Monday, November 19, 2007


Last night, lovely lady (12) had a good friend over. Good friend is a delightful young lady, charming and sparkly. She and lovely lady are kindred spirits. They like to sing and dance, and play video games together, and talk about clothes and hair and makeup. Good friend is not the least bit shy about letting me know that she thinks lovely lady should be allowed to do things like watch television whenever she'd like, wear a bikini, wear eye shadow and so forth. Tonight, it was the mall.

Good friend: Can we go to the mall by ourselves sometime? I think Hannah should get to go to the mall and shop without a parent watching her all the time.

Me, with a smile because we've been down this road before and I know she already knows what I'm going to say: Not yet. Maybe when you're older.

Good friend, deviating from the script a bit: Is the reason that you won't let us go to the mall by ourselves because we have autism? Because we don't.

Lovely lady, not exactly indignantly but in a speak-for-yourself voice: I do.

I don't quite remember what good friend said in response, something like "We don't have autism." I was watching lovely lady, a little floored. As she spoke she glanced at me a little questioningly. I nodded, Yes, that's so.

Lovely lady, interrupting good friend and a little more confidently than the first time: I have been diagnosed with autism.

Good friend, stopping the "Can we go to the mall" mid-thought: You do?
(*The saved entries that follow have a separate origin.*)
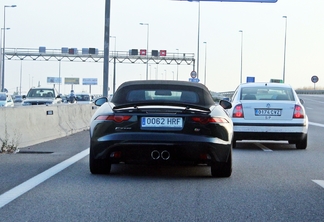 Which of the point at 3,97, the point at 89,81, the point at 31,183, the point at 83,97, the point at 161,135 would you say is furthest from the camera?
the point at 89,81

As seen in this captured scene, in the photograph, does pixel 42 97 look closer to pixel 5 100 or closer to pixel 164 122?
pixel 5 100

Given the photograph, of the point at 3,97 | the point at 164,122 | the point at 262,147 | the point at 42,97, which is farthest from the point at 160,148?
the point at 3,97

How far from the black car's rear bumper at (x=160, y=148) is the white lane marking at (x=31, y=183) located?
861 mm

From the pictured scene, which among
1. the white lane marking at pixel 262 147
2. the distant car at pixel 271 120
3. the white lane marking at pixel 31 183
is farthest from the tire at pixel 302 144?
the white lane marking at pixel 31 183

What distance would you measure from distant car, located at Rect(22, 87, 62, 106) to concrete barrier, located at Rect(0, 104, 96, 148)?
1288 centimetres

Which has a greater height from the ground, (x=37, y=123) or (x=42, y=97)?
(x=37, y=123)

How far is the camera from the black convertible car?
8.75 m

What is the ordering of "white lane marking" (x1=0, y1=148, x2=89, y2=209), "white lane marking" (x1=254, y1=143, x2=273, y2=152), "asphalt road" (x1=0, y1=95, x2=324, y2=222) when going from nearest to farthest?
"asphalt road" (x1=0, y1=95, x2=324, y2=222) < "white lane marking" (x1=0, y1=148, x2=89, y2=209) < "white lane marking" (x1=254, y1=143, x2=273, y2=152)

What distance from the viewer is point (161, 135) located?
28.6ft

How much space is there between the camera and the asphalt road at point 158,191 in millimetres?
6477

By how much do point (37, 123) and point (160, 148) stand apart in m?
7.73

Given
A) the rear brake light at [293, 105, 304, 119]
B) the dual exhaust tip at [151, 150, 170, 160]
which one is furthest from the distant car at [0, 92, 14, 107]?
the dual exhaust tip at [151, 150, 170, 160]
Lovely lady: I have autism, right, Mom?

Good friend: Really?

Me, to lovely lady: Well, I like the way you put it, you've been diagnosed with autism.

Even six months ago the idea of autism just didn't sink in to my lovely lady's awareness. It's come up from time to time, a little like the topics of sex or death or the other big conversations parents know we must have with our children, and so we try to work them in to matter-of-fact conversations as the topics arise. But she hasn't ever identified autism as a part of her own identity, or even shown much interest in the idea.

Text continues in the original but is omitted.